EXERCISE AIM: In the listing below, find the line containing "คุณนิตรา กิตติพีรชล (สำรับชาววัง-ตำราสมุนไพร-การพยากรณ์ดวงชาตา)" and the line containing "Фото 2 — У застосунку". Repeat exactly those two lines and every line between them, nothing more.

RECORD EXCERPTS:
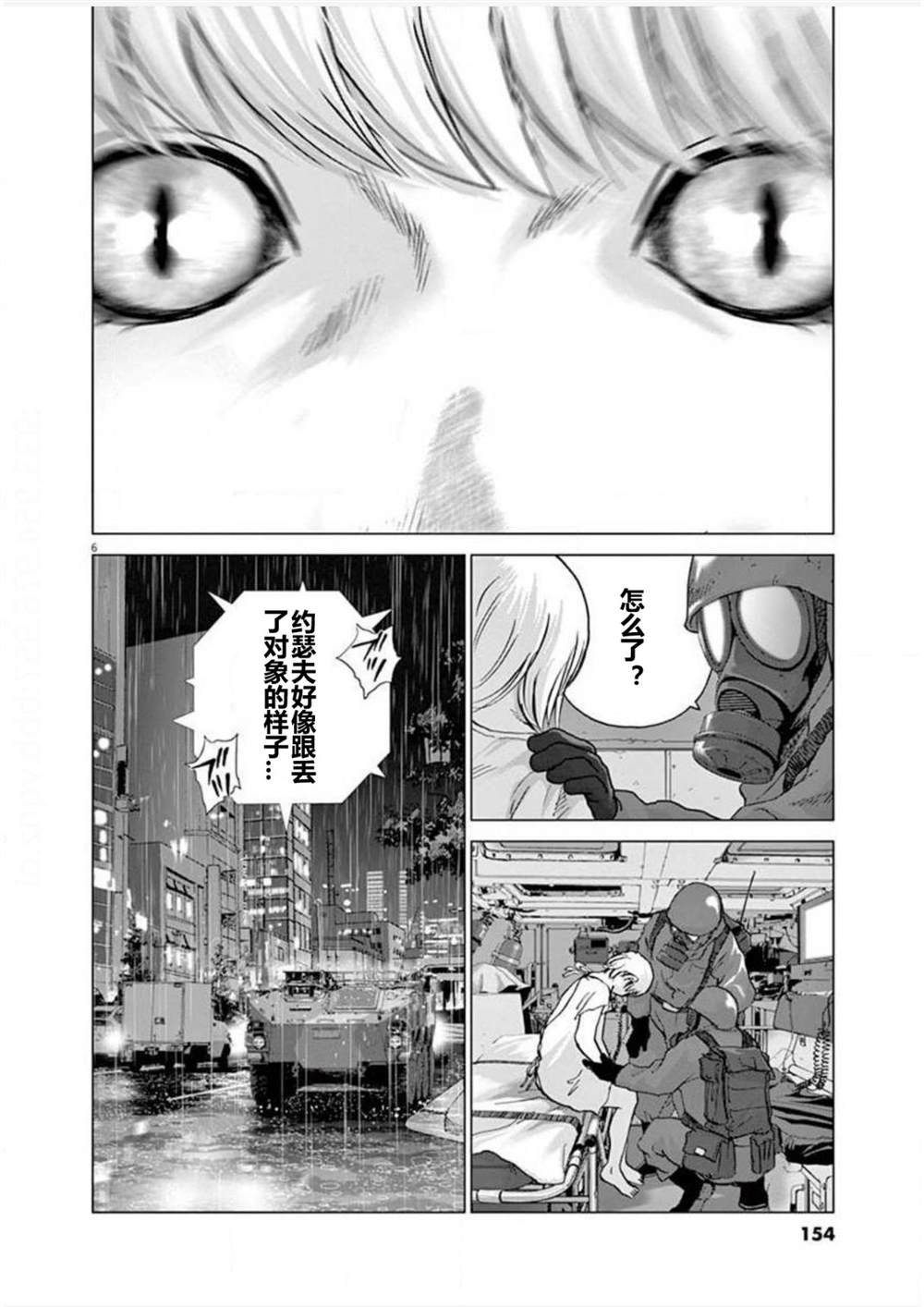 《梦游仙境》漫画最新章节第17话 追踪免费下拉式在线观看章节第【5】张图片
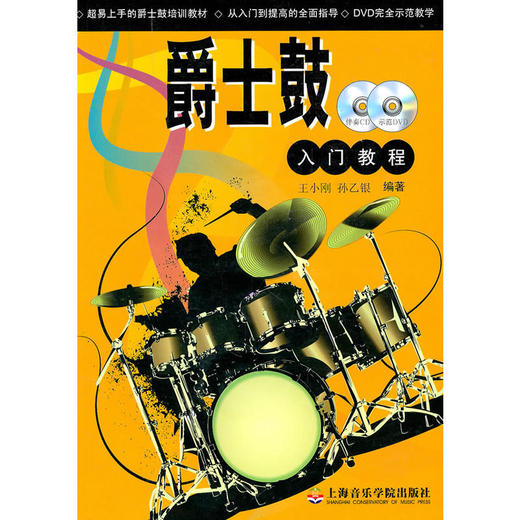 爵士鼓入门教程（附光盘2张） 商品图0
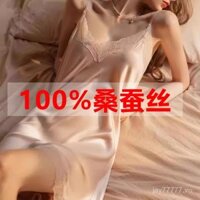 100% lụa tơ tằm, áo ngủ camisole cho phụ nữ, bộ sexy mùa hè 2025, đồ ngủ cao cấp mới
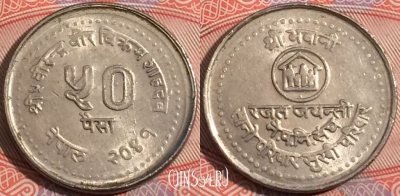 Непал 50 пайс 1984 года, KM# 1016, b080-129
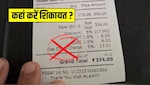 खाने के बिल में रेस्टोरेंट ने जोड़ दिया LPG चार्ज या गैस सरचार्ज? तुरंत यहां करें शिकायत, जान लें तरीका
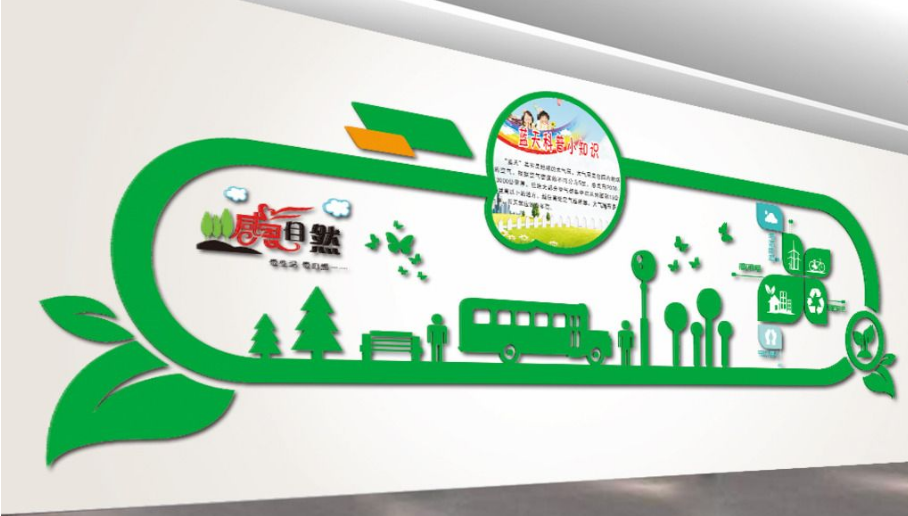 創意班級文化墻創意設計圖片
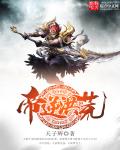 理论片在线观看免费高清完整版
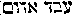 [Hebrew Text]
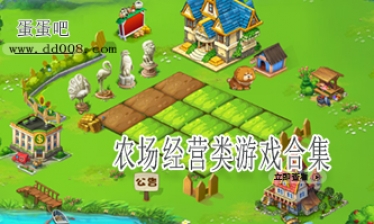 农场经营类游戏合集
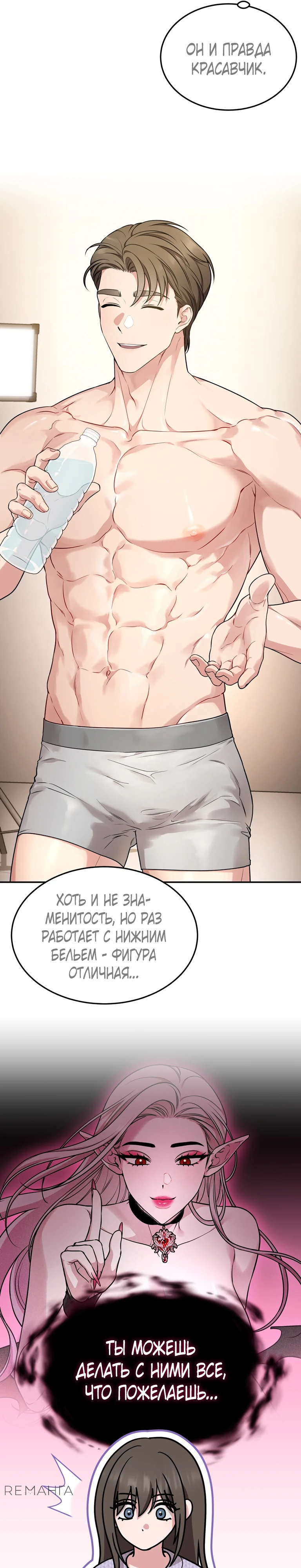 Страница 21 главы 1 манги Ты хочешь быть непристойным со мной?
==
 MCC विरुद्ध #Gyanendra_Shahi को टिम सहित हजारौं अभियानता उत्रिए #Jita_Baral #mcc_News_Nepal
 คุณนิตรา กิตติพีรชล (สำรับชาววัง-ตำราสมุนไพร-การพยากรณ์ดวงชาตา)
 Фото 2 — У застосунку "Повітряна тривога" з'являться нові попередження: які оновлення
==
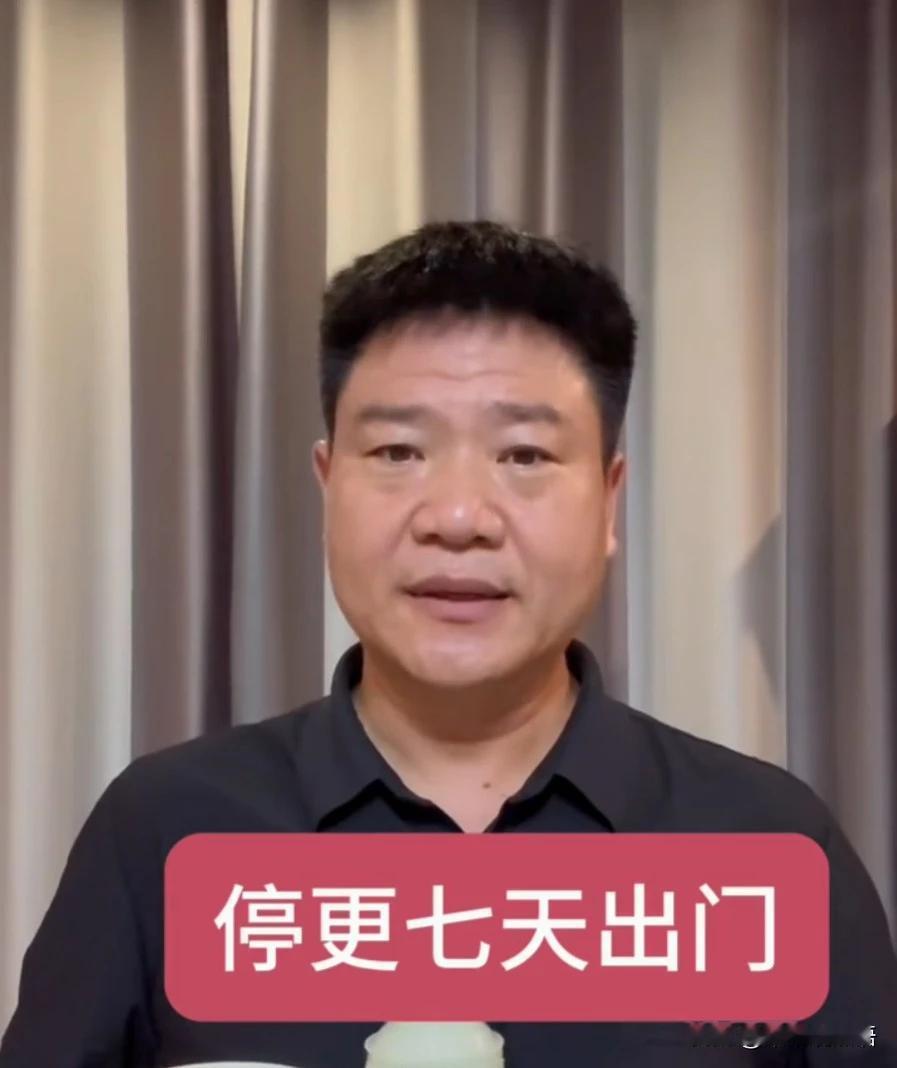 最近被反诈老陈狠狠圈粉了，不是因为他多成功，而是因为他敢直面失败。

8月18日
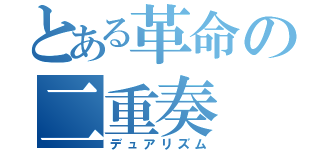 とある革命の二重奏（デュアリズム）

YOUR SOLUTION:
 คุณนิตรา กิตติพีรชล (สำรับชาววัง-ตำราสมุนไพร-การพยากรณ์ดวงชาตา)
 Фото 2 — У застосунку "Повітряна тривога" з'являться нові попередження: які оновлення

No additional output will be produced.